WASHINGTON - A physician who testified on Capitol Hill Thursday said a patient privacy regulation scheduled to go into effect Oct. 15 could damage doctor-patient relationships and discourage people from seeking medical help.

Deborah Peel, a physician and media consultant, told members of the House Judiciary Subcommittee on the Constitution that amendments to the privacy rule released in August would eliminate the right of each American to control the release of medical and genetic records.

The rules she referenced were added to the Health Insurance Portability and Accountability Act of 1996, known as HIPPA. Peel, who addressed the subcommittee on behalf of the American Psychoanalytic Association and the Mental HealthCARE Foundation, is concerned that under the relaxed consent rules, people will not seek medical treatment or genetic testing out of fear that their private health information will be disclosed to an employer or insurance company - or others - without their consent.

Instead of forcing health care providers to obtain patient consent before releasing medical records, the amendments say providers are expected to make a "good faith effort" to obtain a patient's written acknowledgment of the notice of privacy rights and privileges. According to a prepared statement released by the U.S. Department of Health and Human Services, the new rules promote access to care by removing mandatory consent requirements that would inhibit patient access to health care.

But that doesn't mean a researcher can gain access to medical records without getting permission.

Michael Werner, vice president for bioethics at the Washington-based Biotechnology Industry Organization, told BioWorld Today that the rules governing patient consent for research also apply to medical records. "You can use information for research purposes if you remove all the pieces that identify who we are talking about," he said. "It makes research easier without reducing privacy protections."

On another front, the rules do not specifically exclude genetic information from the records that can be disclosed, Peel said.

That point creates deep concern for Peel and Joanne Hustead, a professor at Georgetown University in Washington, who also testified that the HIPPA regulation is too broad and does not adequately protect patients.

Hustead and Peel urged lawmakers to take a proactive stance in protecting the citizenry from discrimination as science advances make it possible for a simple blood test to predict future illnesses.

In his opening statement, Ohio Republican Steve Chabot, chairman of the subcommittee, said 31 states currently have legislation outlawing genetic discrimination in the workplace.
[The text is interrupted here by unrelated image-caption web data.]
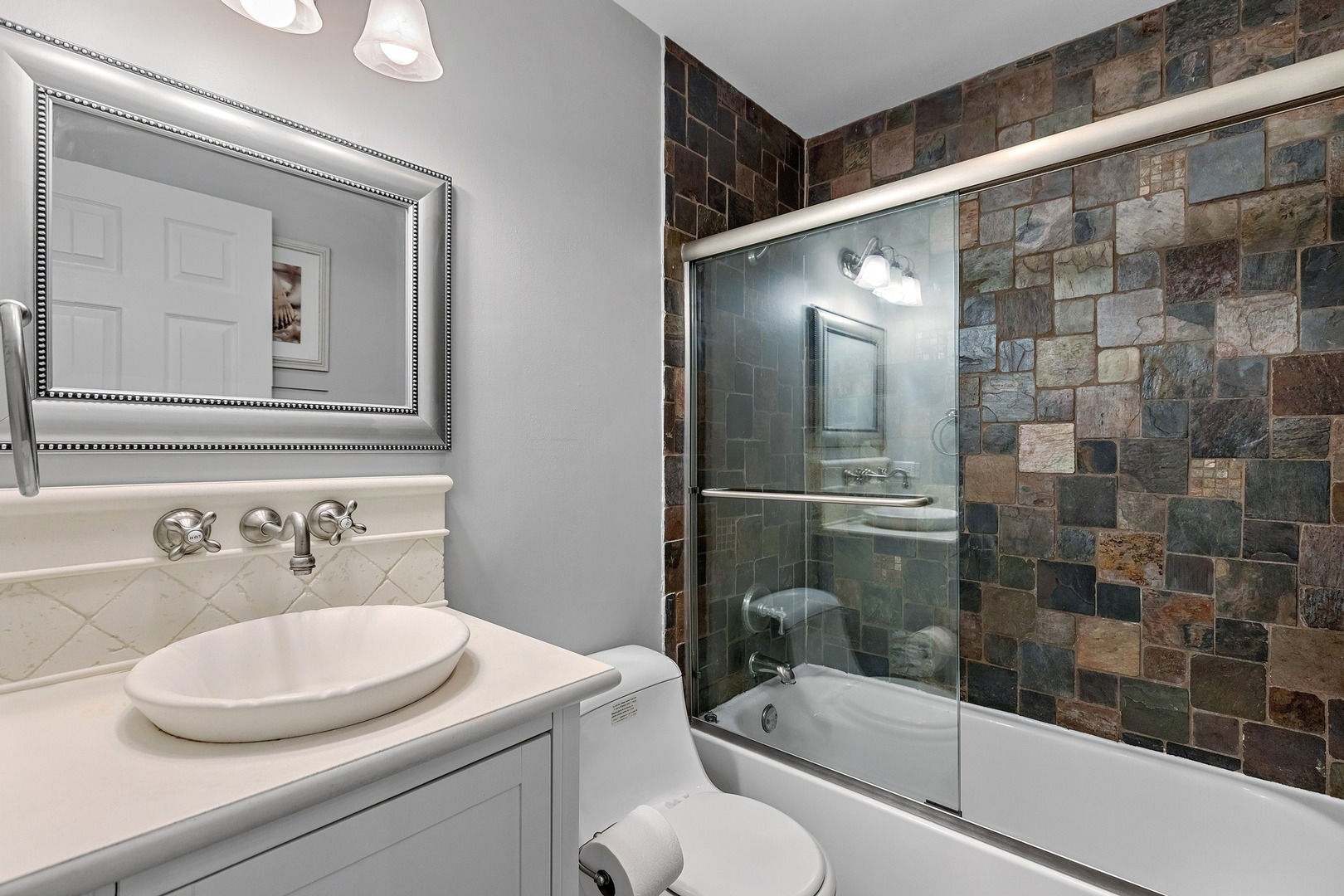 1374 7 Pines Road, Unit A1 Schaumburg, IL 60193 - Photo 12 of 16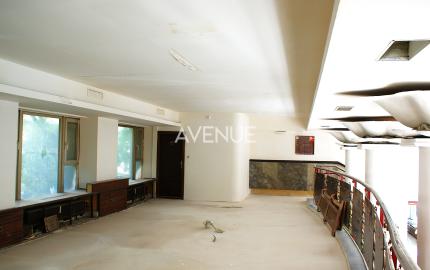AVENUE | atraktívny obch. priestor na frekventovanej ulici, BA I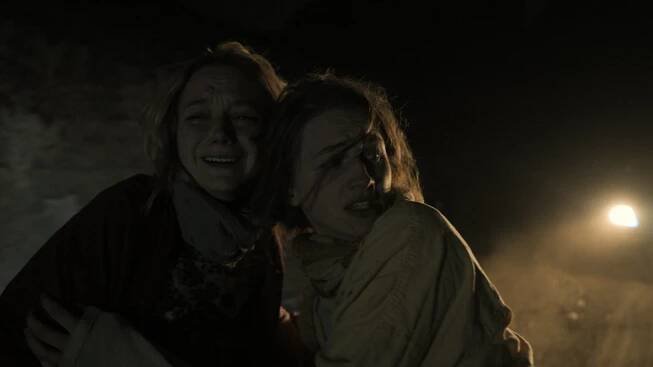 Extraktoři - Únos - Z filmu - Gabriela Heclová, Michaela Petřeková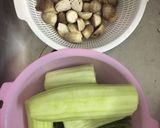 Hình bước làm 1 của món Mướp xào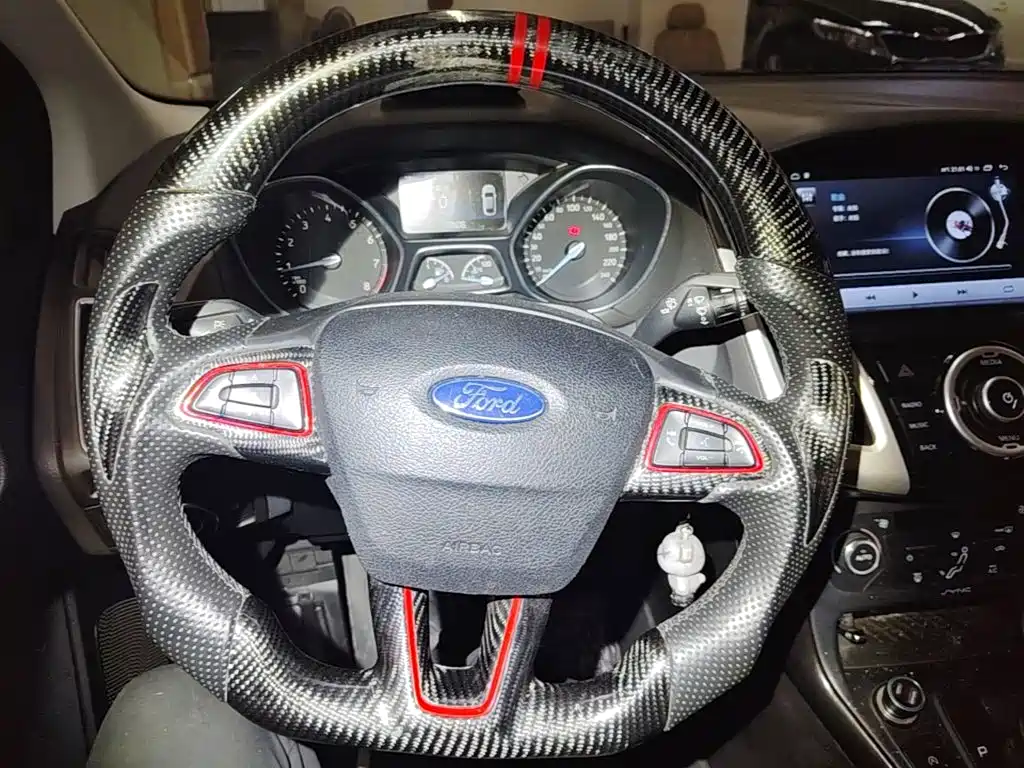 Ford Focus — миниатюра 11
Most states prohibit employers from requiring genetic testing as a condition of employment unless the employer is conducting genetic monitoring. "However, existing state laws vary widely in coverage, with some of the earlier laws only protecting individuals with specific genetic characteristics or particular genetic disorders," he said.

Indeed, a federal law would pre-empt individual state law if it is stronger.

So far, Connie Morella (R-Md.) has introduced legislation that would prohibit genetic discrimination. The Genetic Nondiscrimination in Health Insurance and Employment Act (HR602) has 244 bipartisan co-sponsors and it prohibits health insurers from using genetic information to deny, cancel or change the terms of insurance coverage. It also prohibits use of genetic information by employers in hiring, firing and other employment-related decisions.